Own vs Rent

Reason 1:

Mortgages are affordable – Even though rates have spiked about 1% over the past year or so, at a 4.5% interest rate, 30-year mortgages are still extremely reasonable. This is significant because in many cases, it is actually cheaper on a monthly basis to own a home than rent. In the market you are currently renting in, $350,000 gets you a relatively nice three-bedroom home, with a mortgage payment of approximately $1773.40. Of course, this can be less depending on the down payment. Also, there are taxes and insurance to consider. However, this same house is now commanding $2,700 per month in rent. Even if rates go up a full percentage point next year, the monthly payment at 5.5 is still under $2000.

Reason 2:

Your life, your way – Want to get a new family pet?

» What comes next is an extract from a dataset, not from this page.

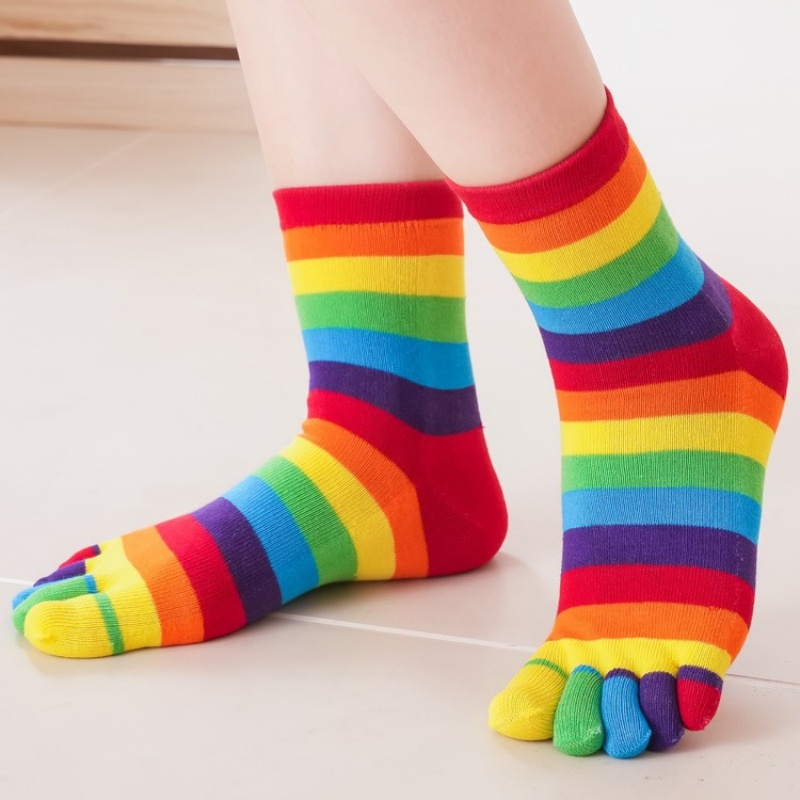 Женские носки с радужными поло – обзор и цена Toe Sock Split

Go for it! Want to landscape your yard, put in a pool, add on another bedroom, or remodel your kitchen? These are some things that are out of the question in virtually any rental situation and can be as easy as applying for a building permit if you own your own home.  Many of my friends who rent their houses are stuck with kitchens that look like something from a 70s TV show, and their landlords seem to be in no rush to update anything. The freedom to make your home truly your own is one of the best reasons to buy a house. If you’re a dog lover, finding a rental that allows pets can be a nightmare. And if you are a smoker…well, you know…

Reason 3:

Credit – This may seem somewhat unimportant, since most people in a position to buy a house already have very good credit. Regardless, a mortgage will certainly report to the credit bureaus, and a rental company will almost certainly not. There are few items on a credit report that demonstrate financial responsibility and general stability in life better than a long history of on-time mortgage payments.

Reason 4:

Equity – Having equity that can be tapped into if necessary is a big plus for homeowners. Having equity in your home is not only important to help pay emergency expenses, home improvements, or your kid’s college tuition, but simply having the equity available to you makes it much easier to get a loan for almost anything else. If you have, say, $75,000 in home equity, a bank will feel much better loaning you $20,000 to buy a boat than if you were renting an apartment.

Reason 5:

Not an investment, but still much better than renting for your financial health – Some say that a home is not a good investment, at least in the traditional sense of the word. However, it is still exponentially better for your long-term financial health than being a lifelong renter.  Let’s say you buy a $200,000 house, and you put $40,000 down. This would make your mortgage payment $810.70 for 30 years at a 4.5% interest rate. (5% down or $10,000 gives you a mortgage payment of $962.70). Of course, you have real estate taxes and insurance, but with the average $200,000 home renting for $1700 per month, at the end of the 30 years, at least you own the home free and clear, and hopefully it’s appreciated significantly in value. If you pay the same amount in rent, after 30 years, you’ll have paid a total of $291,852 in housing payments. This is also a glorified scenario, as rental rates usually rise over time, making your actual total even more. At the end of 30 years, you’ll have absolutely nothing to show for all of the money you spent.

So, while owning your home only provides 3%-5% annual returns on a long-term basis, this is still far better than paying out hundreds of thousands of dollars and not building any equity whatsoever.